Another Coming of Age Story
When artist Ingrid (Michelle Pfeiffer) decides to take revenge on her lover she doesn't hold back, using the poison of the White Oleander flower to kill him. It results in a 30 year sentence for Ingrid and for her teenage daughter Astrid (Alison Lohman) a future in foster care. The first foster home belongs to the religious but flirtatious Starr (Robin Wright Penn) but an encounter with a bullet sees Astrid move on to McKinney Hall where an artist called Paul (Patrick Fugit) takes a shine to her. Next stop is with a b-movie actress called Claire (Renee Zellweger) whilst all the time Astrid keeps in touch with her mum Ingrid, telling her about her experiences and having to put up with her mum's bile towards everyone else.
I read a handful of reviews before watching "White Oleander" and each one couldn't praise this movie highly enough so I started watching and about half an hour in I was debating whether I had read them right and looked back and yes they praised this movie which I was struggling with. But each of those reviews mentioned not only how good the book from which it is adapted is but also how good an adaptation it is. So I delved a bit deeper and the negative reviews I came across were from those who like me had never read the book and struggled with the movie, struggled to fill in the gaps and pick up any emotion in the story.

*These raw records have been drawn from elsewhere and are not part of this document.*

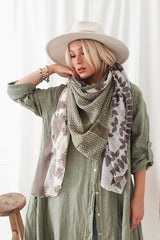 Mystique wool scarf, green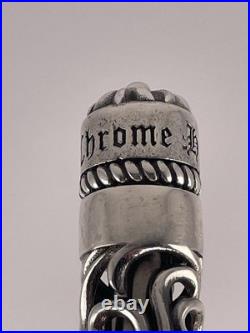 Chrome Hearts Ball Point Pen Sterling Silver Dagger Cap Classic Style Heavy Pen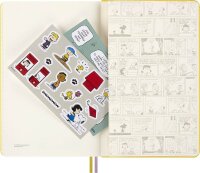 MOLESKINE Notizbuch Peanuts Paddy ca. DIN A5 liniert, orange Hardcover 176 Seiten, 1 St.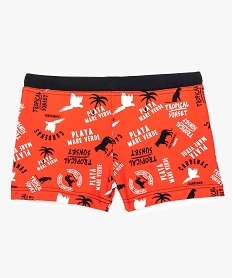 GEMO Maillot de bain forme boxer à motifs tropicaux Imprimé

Now I wouldn't say that I hated "White Oleander" from what I could make out I could see how some people might enjoy it as on one hand we have a coming of age tale. We watch as Astrid through the experiences she has in the different foster homes does a lot of growing up and is able to see life from a variety of perspectives. But that ties in with the other hand which is her venomous mother who is full of bile towards others and almost seems to enjoy being full of spite. We see how whilst Ingrid is a self centred piece of work she also gets to experience things through what Astrid tells her. And in truth it is an interesting character based movie with Astrid becoming her own woman despite being the focus of so many opinions but narratively it didn't grip me, didn't make me feel any emotion.

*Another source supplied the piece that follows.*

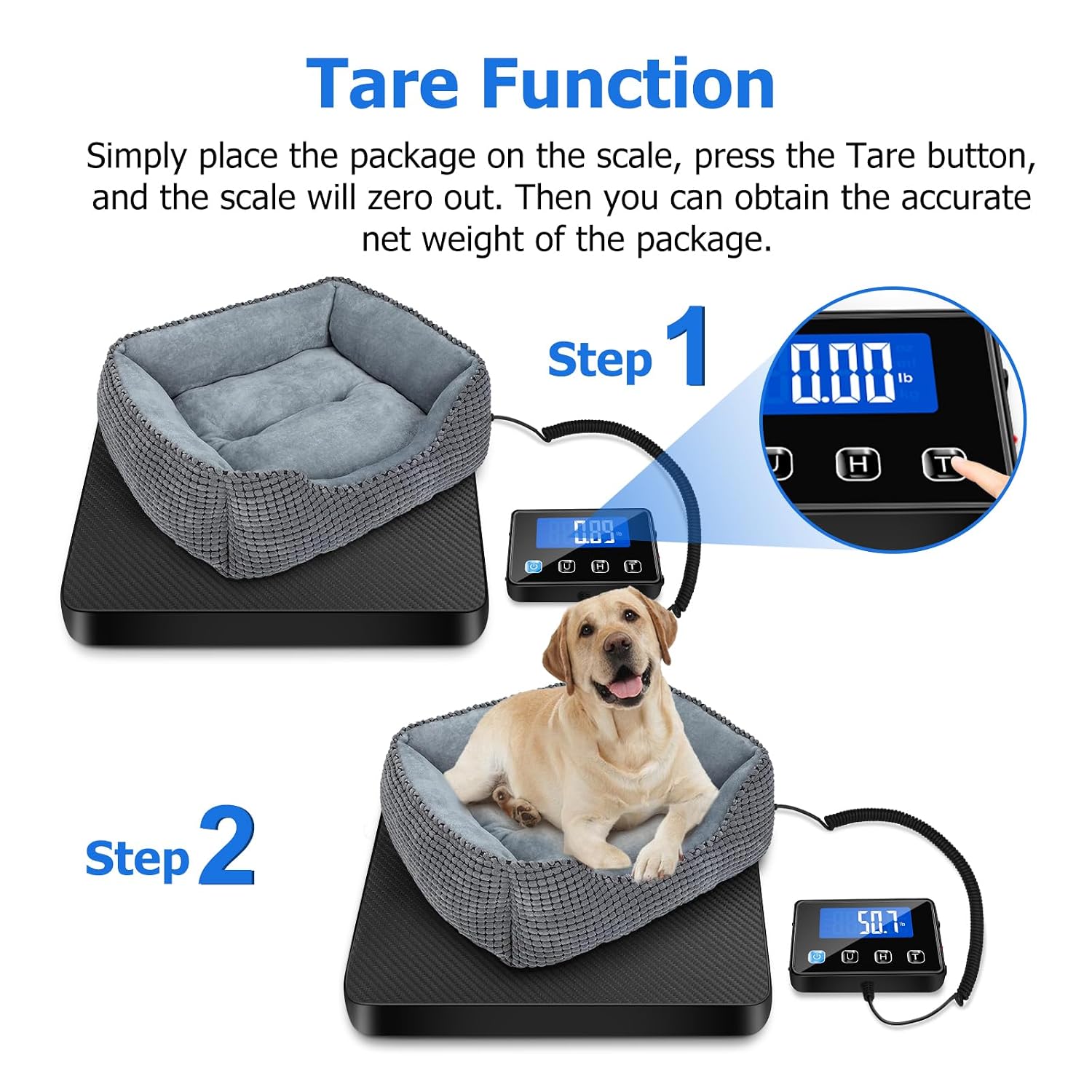 Shipping Scale, 440 lbs/0.35oz High Accurate Digital Postal Scale with Hold/Tare Function, Postage Scale for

Part of the trouble is that the characters in "White Oleander" all border on extremes, from extremely South to the extreme cattiness of Ingrid. In fairness Michelle Pfeiffer's performance is pretty special and she does a good job of making you hate her due to her sheer spitefulness towards everyone including Astrid but it seems to be too spiteful especially considering the naively nice way which Alison Lohman plays Astrid
What this all boils down to is that "White Oleander" probably is an enjoyable movie for those who read the book and liked it, being able to fill in some of the gaps in the narrative. But for those who haven't read the book it only ends up a so-so coming of age story.